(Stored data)

· · ·

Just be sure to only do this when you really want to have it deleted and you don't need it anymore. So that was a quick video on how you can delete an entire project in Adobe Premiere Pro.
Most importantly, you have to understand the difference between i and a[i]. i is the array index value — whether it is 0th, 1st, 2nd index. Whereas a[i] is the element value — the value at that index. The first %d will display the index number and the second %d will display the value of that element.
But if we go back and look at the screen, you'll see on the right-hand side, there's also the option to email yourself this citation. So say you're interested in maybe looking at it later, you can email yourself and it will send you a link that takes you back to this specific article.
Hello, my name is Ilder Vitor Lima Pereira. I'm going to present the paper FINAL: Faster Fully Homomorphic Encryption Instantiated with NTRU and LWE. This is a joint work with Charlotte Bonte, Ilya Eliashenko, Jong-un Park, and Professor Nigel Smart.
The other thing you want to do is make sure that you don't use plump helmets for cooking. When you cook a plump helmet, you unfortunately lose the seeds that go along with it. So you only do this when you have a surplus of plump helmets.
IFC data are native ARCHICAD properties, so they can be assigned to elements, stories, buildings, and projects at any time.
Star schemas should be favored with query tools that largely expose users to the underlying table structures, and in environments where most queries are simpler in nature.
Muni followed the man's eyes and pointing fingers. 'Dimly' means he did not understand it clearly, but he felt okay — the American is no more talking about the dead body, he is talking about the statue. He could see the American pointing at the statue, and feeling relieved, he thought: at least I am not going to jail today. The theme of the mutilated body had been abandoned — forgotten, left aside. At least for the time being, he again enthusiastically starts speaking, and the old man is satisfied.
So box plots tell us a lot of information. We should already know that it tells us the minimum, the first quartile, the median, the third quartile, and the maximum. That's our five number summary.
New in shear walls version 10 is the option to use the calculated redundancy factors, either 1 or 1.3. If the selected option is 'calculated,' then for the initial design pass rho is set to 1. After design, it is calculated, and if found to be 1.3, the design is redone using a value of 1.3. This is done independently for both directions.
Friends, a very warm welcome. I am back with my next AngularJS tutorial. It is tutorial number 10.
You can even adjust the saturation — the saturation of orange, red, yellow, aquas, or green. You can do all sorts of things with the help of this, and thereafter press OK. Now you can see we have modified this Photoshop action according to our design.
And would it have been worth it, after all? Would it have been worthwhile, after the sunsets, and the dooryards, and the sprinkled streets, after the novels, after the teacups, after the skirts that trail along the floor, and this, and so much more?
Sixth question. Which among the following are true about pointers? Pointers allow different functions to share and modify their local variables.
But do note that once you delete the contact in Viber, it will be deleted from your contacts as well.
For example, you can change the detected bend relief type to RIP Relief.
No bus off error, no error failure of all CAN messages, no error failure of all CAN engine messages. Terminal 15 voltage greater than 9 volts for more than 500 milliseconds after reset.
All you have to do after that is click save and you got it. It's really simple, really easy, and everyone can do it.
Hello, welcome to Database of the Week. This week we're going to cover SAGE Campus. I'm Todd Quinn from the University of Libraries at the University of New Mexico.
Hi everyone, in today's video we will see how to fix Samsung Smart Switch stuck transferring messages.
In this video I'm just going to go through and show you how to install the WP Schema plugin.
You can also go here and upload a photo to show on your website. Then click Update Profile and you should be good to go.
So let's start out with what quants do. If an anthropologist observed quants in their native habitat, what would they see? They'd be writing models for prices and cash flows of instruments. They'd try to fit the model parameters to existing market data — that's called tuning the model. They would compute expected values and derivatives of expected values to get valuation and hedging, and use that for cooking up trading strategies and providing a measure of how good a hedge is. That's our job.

· · ·

» THE PROBLEM
Every one of the records is to be copied word for word.

» ANSWER FOR THIS EXERCISE
Just be sure to only do this when you really want to have it deleted and you don't need it anymore. So that was a quick video on how you can delete an entire project in Adobe Premiere Pro.
Most importantly, you have to understand the difference between i and a[i]. i is the array index value — whether it is 0th, 1st, 2nd index. Whereas a[i] is the element value — the value at that index. The first %d will display the index number and the second %d will display the value of that element.
But if we go back and look at the screen, you'll see on the right-hand side, there's also the option to email yourself this citation. So say you're interested in maybe looking at it later, you can email yourself and it will send you a link that takes you back to this specific article.
Hello, my name is Ilder Vitor Lima Pereira. I'm going to present the paper FINAL: Faster Fully Homomorphic Encryption Instantiated with NTRU and LWE. This is a joint work with Charlotte Bonte, Ilya Eliashenko, Jong-un Park, and Professor Nigel Smart.
The other thing you want to do is make sure that you don't use plump helmets for cooking. When you cook a plump helmet, you unfortunately lose the seeds that go along with it. So you only do this when you have a surplus of plump helmets.
IFC data are native ARCHICAD properties, so they can be assigned to elements, stories, buildings, and projects at any time.
Star schemas should be favored with query tools that largely expose users to the underlying table structures, and in environments where most queries are simpler in nature.
Muni followed the man's eyes and pointing fingers. 'Dimly' means he did not understand it clearly, but he felt okay — the American is no more talking about the dead body, he is talking about the statue. He could see the American pointing at the statue, and feeling relieved, he thought: at least I am not going to jail today. The theme of the mutilated body had been abandoned — forgotten, left aside. At least for the time being, he again enthusiastically starts speaking, and the old man is satisfied.
So box plots tell us a lot of information. We should already know that it tells us the minimum, the first quartile, the median, the third quartile, and the maximum. That's our five number summary.
New in shear walls version 10 is the option to use the calculated redundancy factors, either 1 or 1.3. If the selected option is 'calculated,' then for the initial design pass rho is set to 1. After design, it is calculated, and if found to be 1.3, the design is redone using a value of 1.3. This is done independently for both directions.
Friends, a very warm welcome. I am back with my next AngularJS tutorial. It is tutorial number 10.
You can even adjust the saturation — the saturation of orange, red, yellow, aquas, or green. You can do all sorts of things with the help of this, and thereafter press OK. Now you can see we have modified this Photoshop action according to our design.
And would it have been worth it, after all? Would it have been worthwhile, after the sunsets, and the dooryards, and the sprinkled streets, after the novels, after the teacups, after the skirts that trail along the floor, and this, and so much more?
Sixth question. Which among the following are true about pointers? Pointers allow different functions to share and modify their local variables.
But do note that once you delete the contact in Viber, it will be deleted from your contacts as well.
For example, you can change the detected bend relief type to RIP Relief.
No bus off error, no error failure of all CAN messages, no error failure of all CAN engine messages. Terminal 15 voltage greater than 9 volts for more than 500 milliseconds after reset.
All you have to do after that is click save and you got it. It's really simple, really easy, and everyone can do it.
Hello, welcome to Database of the Week. This week we're going to cover SAGE Campus. I'm Todd Quinn from the University of Libraries at the University of New Mexico.
Hi everyone, in today's video we will see how to fix Samsung Smart Switch stuck transferring messages.
In this video I'm just going to go through and show you how to install the WP Schema plugin.
You can also go here and upload a photo to show on your website. Then click Update Profile and you should be good to go.
So let's start out with what quants do. If an anthropologist observed quants in their native habitat, what would they see? They'd be writing models for prices and cash flows of instruments. They'd try to fit the model parameters to existing market data — that's called tuning the model. They would compute expected values and derivatives of expected values to get valuation and hedging, and use that for cooking up trading strategies and providing a measure of how good a hedge is. That's our job.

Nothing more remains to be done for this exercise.